Lorsque la famille est réunie, c’est de la chaîne YouTube dont elle parle. Claire raconte que son père lui a dit qu’il était peut-être son père, mais qu’il était aussi son patron. « C’est beaucoup de pression », dit-elle. Lorsque Claire aura 18 ans et qu’elle pourra déménager seule, elle envisage de ne plus avoir de contact avec ses parents. Une fois qu’elle ne vivra plus avec eux, elle prévoit de parler publiquement du fait qu’elle est la star d’une chaîne YouTube. Elle utilisera même son vrai nom. Claire veut que les gens sachent que son enfance a été assombrie par une célébrité qu’elle n’a pas choisie sur les réseaux sociaux.  Et elle veut que ses parents le sachent : « Rien de ce qu’ils font aujourd’hui ne pourra effacer les années de travail que j’ai dû faire ».

Bien que les parents de Claire lui disent qu’ils mettent de côté une partie de l’argent pour son université, elle ne sait pas combien et il n’existe aucune loi protégeant les revenus des enfants qui sont des influenceurs. L’absence de législation du travail pour les enfants influenceurs est un exemple de retard de la loi par rapport à la culture. Les militants et les législateurs font pression pour que la vie privée et les revenus des enfants d’influenceurs soient protégés dans des États comme l’État de Washington, où une proposition de loi actuellement bloquée à la Chambre des représentants de l’État de Washington garantirait des protections similaires à celles que la loi californienne Coogan accorde aux enfants acteurs.
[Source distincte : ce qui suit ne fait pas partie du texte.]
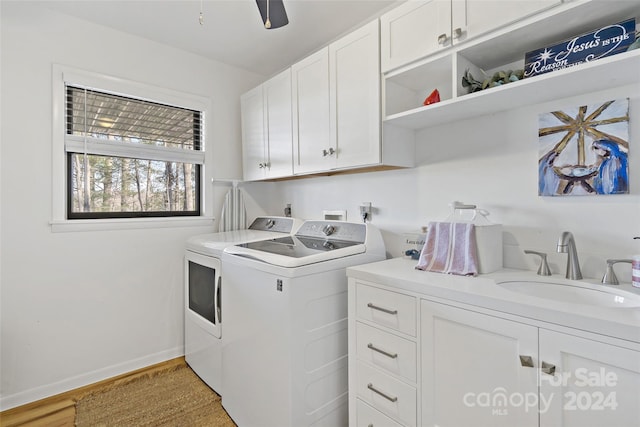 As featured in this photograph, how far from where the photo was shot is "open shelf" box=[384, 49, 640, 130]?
106 centimetres

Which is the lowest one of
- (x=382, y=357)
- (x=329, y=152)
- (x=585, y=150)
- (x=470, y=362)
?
(x=382, y=357)

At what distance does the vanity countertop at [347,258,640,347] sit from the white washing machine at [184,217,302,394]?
3.21 ft

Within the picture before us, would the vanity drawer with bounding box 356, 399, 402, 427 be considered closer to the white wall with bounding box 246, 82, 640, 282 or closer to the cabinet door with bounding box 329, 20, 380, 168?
the white wall with bounding box 246, 82, 640, 282

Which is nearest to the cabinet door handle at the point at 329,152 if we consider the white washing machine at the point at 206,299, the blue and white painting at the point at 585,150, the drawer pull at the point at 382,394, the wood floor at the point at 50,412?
the white washing machine at the point at 206,299

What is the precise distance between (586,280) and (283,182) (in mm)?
2317

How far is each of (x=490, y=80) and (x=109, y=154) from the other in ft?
8.10

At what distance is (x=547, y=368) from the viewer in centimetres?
92

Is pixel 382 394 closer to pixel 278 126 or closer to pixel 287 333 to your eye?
pixel 287 333

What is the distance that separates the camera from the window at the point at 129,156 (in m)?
2.16

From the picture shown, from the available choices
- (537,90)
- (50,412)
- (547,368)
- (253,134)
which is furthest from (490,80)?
(50,412)

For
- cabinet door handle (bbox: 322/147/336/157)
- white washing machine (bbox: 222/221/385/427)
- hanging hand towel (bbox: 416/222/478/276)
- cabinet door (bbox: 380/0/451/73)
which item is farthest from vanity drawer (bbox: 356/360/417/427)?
cabinet door (bbox: 380/0/451/73)

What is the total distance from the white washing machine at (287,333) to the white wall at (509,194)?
38cm

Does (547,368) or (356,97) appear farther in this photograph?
(356,97)

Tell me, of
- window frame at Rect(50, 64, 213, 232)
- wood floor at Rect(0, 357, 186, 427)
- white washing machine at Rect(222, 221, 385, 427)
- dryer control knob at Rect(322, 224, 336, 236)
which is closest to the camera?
white washing machine at Rect(222, 221, 385, 427) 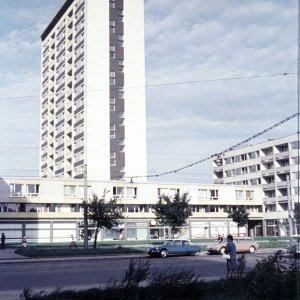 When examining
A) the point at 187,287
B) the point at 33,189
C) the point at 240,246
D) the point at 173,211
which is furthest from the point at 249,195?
the point at 187,287

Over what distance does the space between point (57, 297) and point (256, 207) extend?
266 feet

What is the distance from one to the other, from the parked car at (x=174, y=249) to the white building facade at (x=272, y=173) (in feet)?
159

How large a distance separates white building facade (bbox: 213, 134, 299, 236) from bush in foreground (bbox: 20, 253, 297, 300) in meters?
72.9

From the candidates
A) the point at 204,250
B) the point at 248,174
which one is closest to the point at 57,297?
the point at 204,250

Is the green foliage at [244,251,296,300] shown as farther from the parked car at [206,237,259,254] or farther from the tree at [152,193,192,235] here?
the tree at [152,193,192,235]

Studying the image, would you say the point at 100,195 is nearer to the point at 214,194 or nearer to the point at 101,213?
the point at 214,194

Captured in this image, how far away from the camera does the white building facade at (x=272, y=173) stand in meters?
86.6

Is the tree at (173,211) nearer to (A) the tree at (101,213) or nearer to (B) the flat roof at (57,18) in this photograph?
(A) the tree at (101,213)

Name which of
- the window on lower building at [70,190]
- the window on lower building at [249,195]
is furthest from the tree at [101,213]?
the window on lower building at [249,195]

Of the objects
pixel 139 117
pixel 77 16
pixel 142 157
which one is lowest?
pixel 142 157

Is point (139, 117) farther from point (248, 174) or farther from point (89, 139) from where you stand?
point (248, 174)

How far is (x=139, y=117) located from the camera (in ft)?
279

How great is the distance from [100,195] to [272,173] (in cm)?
3577

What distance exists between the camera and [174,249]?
116ft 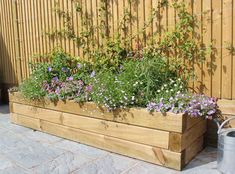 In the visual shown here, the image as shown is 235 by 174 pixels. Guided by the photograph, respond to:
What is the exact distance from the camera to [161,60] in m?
3.15

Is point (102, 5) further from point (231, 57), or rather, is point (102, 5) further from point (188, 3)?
point (231, 57)

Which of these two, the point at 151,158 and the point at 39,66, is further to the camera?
the point at 39,66

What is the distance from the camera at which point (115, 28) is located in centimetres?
359

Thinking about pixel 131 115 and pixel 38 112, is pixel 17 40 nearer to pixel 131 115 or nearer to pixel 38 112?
pixel 38 112

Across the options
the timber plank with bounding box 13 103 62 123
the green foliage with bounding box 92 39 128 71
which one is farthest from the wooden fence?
the timber plank with bounding box 13 103 62 123

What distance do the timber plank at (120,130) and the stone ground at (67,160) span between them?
0.21 meters

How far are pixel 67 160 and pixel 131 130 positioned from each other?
723 millimetres

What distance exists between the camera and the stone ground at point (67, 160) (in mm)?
2615

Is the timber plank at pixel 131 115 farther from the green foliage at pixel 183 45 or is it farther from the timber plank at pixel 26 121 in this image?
the green foliage at pixel 183 45

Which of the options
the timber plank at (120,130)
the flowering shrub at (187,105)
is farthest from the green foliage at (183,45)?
the timber plank at (120,130)

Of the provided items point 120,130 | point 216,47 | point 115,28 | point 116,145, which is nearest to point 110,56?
point 115,28

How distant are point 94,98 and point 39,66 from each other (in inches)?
57.3

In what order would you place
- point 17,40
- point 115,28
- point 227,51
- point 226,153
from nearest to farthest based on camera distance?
point 226,153, point 227,51, point 115,28, point 17,40

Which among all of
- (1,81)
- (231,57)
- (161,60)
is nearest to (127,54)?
(161,60) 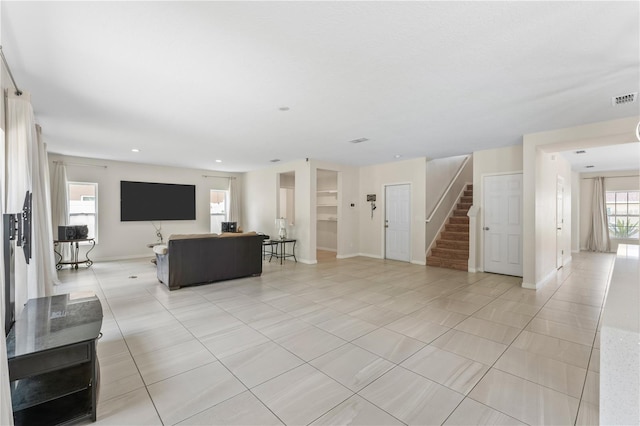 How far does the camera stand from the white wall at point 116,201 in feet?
23.4

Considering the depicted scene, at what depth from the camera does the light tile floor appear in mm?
1907

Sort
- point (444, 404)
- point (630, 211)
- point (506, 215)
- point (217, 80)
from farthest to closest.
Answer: point (630, 211) → point (506, 215) → point (217, 80) → point (444, 404)

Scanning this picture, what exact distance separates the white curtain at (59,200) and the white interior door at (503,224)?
31.3 ft

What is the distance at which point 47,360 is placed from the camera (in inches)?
65.5

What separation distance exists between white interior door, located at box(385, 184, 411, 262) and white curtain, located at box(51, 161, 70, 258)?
7.92 meters

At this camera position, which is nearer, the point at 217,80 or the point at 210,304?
the point at 217,80

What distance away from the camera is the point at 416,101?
11.2ft

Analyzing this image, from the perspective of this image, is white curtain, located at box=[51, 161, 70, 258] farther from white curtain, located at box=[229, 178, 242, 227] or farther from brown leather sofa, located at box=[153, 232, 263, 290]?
white curtain, located at box=[229, 178, 242, 227]

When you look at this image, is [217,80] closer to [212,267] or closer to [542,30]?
[542,30]

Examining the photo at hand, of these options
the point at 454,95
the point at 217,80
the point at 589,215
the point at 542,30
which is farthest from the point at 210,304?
the point at 589,215

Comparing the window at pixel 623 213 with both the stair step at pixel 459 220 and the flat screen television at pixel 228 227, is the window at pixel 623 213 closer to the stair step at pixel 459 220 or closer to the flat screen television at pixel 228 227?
the stair step at pixel 459 220

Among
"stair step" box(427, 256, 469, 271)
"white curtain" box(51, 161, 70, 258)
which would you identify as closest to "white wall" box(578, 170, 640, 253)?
"stair step" box(427, 256, 469, 271)

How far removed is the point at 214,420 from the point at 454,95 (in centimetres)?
373

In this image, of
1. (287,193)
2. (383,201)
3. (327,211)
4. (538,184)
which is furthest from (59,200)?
(538,184) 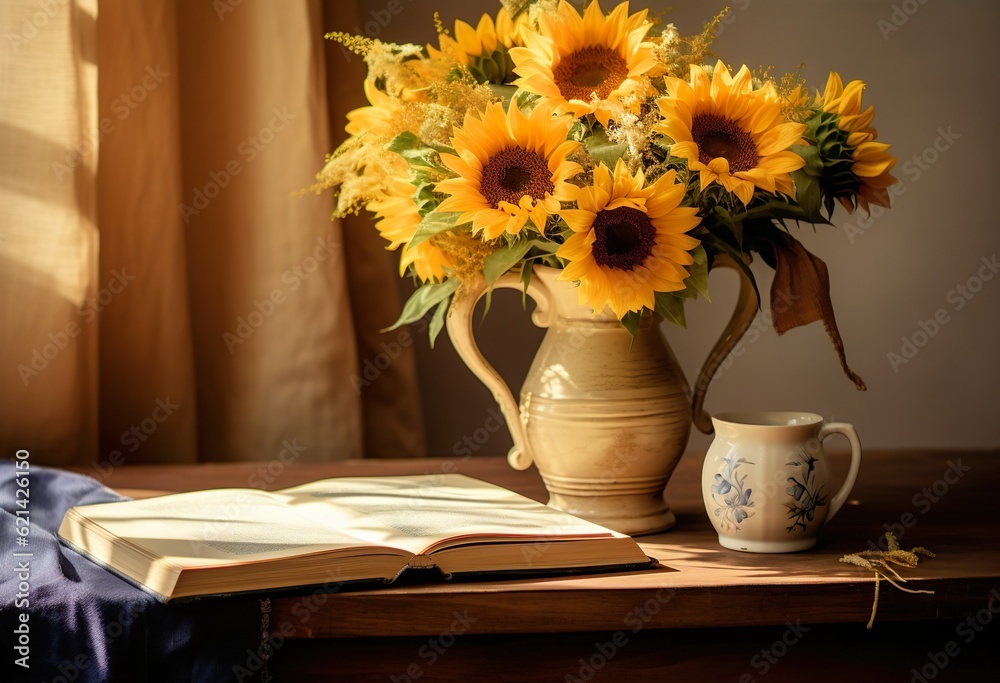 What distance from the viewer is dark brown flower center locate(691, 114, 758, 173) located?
0.82m

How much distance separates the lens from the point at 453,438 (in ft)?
5.50

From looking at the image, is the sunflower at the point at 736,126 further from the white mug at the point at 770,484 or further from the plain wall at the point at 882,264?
the plain wall at the point at 882,264

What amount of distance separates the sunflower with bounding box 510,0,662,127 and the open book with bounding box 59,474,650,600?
34cm

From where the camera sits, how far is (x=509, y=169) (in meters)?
0.83

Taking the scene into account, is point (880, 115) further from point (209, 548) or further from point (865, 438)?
point (209, 548) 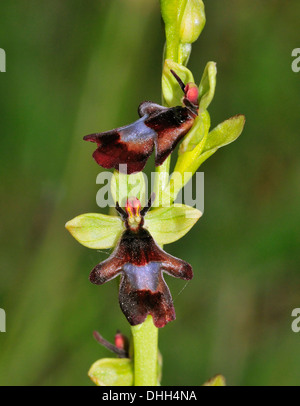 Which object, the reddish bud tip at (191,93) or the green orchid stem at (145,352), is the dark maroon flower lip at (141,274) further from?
the reddish bud tip at (191,93)

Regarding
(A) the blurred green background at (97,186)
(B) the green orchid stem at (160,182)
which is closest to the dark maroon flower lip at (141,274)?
(B) the green orchid stem at (160,182)

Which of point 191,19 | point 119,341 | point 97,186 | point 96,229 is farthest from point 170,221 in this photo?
point 97,186

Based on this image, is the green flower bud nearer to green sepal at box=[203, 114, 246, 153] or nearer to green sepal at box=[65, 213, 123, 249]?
green sepal at box=[203, 114, 246, 153]

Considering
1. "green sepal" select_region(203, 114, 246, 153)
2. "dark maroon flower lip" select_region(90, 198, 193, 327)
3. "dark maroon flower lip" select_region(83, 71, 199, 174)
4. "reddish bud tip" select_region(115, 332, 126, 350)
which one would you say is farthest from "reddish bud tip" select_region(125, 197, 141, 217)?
"reddish bud tip" select_region(115, 332, 126, 350)

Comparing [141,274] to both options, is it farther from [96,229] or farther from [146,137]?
[146,137]

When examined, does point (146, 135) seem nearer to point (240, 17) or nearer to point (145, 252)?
point (145, 252)
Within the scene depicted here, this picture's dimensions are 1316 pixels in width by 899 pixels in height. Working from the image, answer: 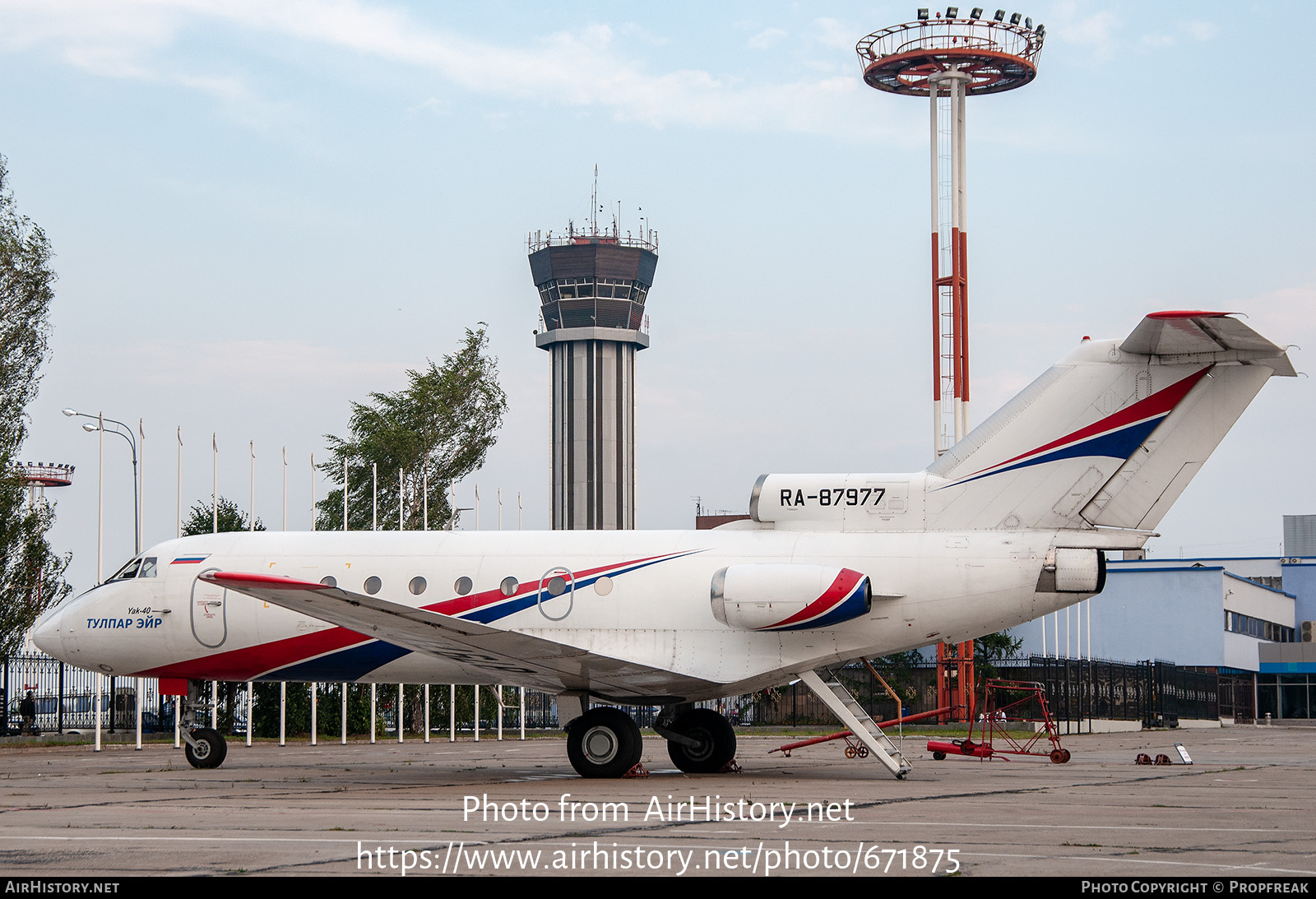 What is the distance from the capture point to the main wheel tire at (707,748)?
1842 centimetres

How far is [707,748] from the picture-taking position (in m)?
18.5

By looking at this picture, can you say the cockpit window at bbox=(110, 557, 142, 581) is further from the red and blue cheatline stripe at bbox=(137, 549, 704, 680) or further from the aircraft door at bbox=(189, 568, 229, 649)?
the red and blue cheatline stripe at bbox=(137, 549, 704, 680)

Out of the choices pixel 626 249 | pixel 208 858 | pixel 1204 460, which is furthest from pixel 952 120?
pixel 626 249

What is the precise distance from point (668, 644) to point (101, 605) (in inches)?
344

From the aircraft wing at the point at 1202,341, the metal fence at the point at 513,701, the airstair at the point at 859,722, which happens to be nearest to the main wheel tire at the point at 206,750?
the airstair at the point at 859,722

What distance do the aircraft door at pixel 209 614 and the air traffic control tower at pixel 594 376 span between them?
248 feet

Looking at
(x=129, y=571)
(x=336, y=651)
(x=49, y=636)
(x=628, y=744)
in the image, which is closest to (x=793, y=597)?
(x=628, y=744)

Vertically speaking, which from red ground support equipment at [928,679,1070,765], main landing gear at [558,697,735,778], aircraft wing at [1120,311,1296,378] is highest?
aircraft wing at [1120,311,1296,378]

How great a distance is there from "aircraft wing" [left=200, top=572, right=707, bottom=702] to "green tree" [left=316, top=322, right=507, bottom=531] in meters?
26.9

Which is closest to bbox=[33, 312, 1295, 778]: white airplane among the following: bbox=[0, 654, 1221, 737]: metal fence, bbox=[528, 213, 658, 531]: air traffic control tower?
bbox=[0, 654, 1221, 737]: metal fence

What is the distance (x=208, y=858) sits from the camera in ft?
30.5

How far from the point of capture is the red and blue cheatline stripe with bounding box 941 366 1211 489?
16.4 meters

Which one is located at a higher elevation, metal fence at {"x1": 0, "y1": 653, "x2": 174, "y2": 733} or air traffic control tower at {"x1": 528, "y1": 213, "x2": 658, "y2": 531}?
air traffic control tower at {"x1": 528, "y1": 213, "x2": 658, "y2": 531}

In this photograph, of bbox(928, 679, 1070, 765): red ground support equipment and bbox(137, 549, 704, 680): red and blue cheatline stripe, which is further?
bbox(928, 679, 1070, 765): red ground support equipment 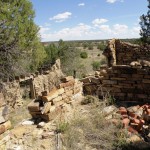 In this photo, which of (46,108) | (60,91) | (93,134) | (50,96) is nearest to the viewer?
(93,134)

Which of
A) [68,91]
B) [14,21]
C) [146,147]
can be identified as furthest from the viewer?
[14,21]

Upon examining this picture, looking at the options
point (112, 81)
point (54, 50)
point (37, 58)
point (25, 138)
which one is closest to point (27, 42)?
point (37, 58)

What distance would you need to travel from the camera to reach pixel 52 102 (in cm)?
549

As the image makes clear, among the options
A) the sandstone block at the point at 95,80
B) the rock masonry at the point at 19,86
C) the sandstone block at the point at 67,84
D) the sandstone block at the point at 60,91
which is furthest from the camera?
the rock masonry at the point at 19,86

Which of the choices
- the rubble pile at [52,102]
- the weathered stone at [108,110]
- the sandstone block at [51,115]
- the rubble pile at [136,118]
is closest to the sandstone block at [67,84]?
the rubble pile at [52,102]

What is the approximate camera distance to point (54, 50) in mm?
24969

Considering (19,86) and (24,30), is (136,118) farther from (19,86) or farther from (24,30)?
(24,30)

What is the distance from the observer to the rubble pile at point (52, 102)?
17.4 feet

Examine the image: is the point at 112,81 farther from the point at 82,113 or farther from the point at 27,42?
the point at 27,42

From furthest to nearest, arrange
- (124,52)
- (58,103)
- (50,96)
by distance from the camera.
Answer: (124,52) → (58,103) → (50,96)

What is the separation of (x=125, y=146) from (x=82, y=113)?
1.56 meters

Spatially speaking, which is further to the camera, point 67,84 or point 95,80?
point 95,80

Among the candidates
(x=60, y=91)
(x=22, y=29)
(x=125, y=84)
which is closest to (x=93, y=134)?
(x=60, y=91)

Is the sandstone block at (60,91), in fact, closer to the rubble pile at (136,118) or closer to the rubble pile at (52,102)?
the rubble pile at (52,102) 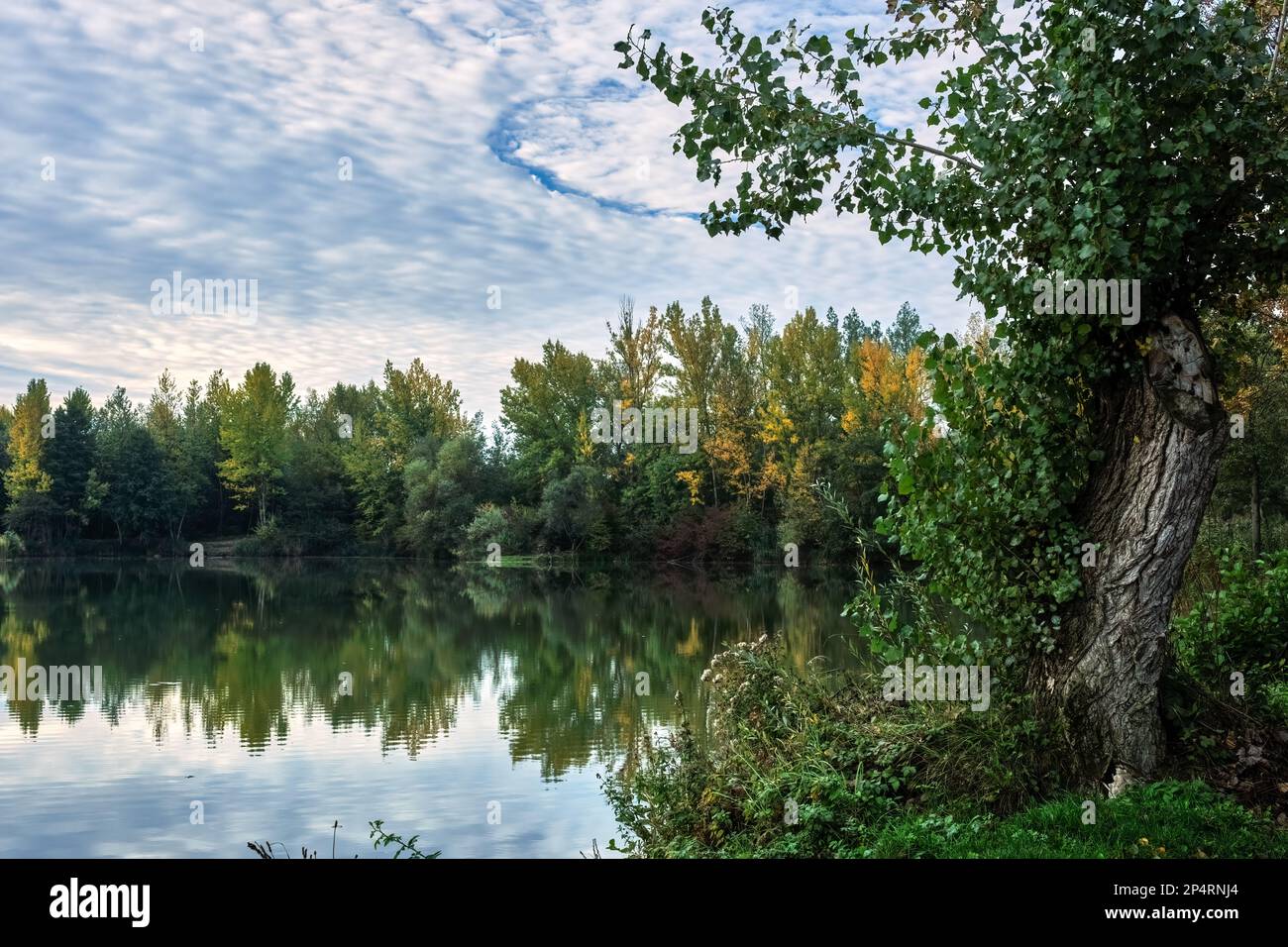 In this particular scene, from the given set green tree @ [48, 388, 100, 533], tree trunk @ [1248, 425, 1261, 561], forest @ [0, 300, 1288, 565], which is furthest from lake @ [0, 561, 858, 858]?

En vertu de cette loi, 15 % des revenus des mineurs doivent être mis de côté par l’employeur dans une fiducie bloquée, mais il n’existe pas de protection similaire pour les enfants influenceurs.

Bobbi Althoff est une jeune femme de 25 ans, mère de deux enfants, qui compte plus de 3,6 millions de fans sur TikTok. On pourrait la qualifier de maman-influenceuse, mais cela ne la décrit pas tout à fait. Elle publie des réflexions sérieuses sur la maternité, certes, mais une grande partie de son contenu est satirique, se moquant des tendances du moment à travers des performances volontairement maladroites avec son mari.

Une différence frappante entre Althoff et beaucoup d’autres mamans influentes : vous ne verrez pas ses enfants sur sa page. Elle appelle ses filles Richard et Concrete, et prend soin de cacher leur identité en éditant ses vidéos pour s’assurer que personne ne prononce leur vrai nom en arrière-plan. Il n’en a pas toujours été ainsi : avec sa fille aînée, Richard, âgée de 2 ans, elle avait l’habitude de tout poster. Parmi les messages qu’elle a supprimés : le vrai nom de Richard, sa date de naissance, son prénom et son deuxième prénom, l’hôpital où elle est née et des photos d’elle.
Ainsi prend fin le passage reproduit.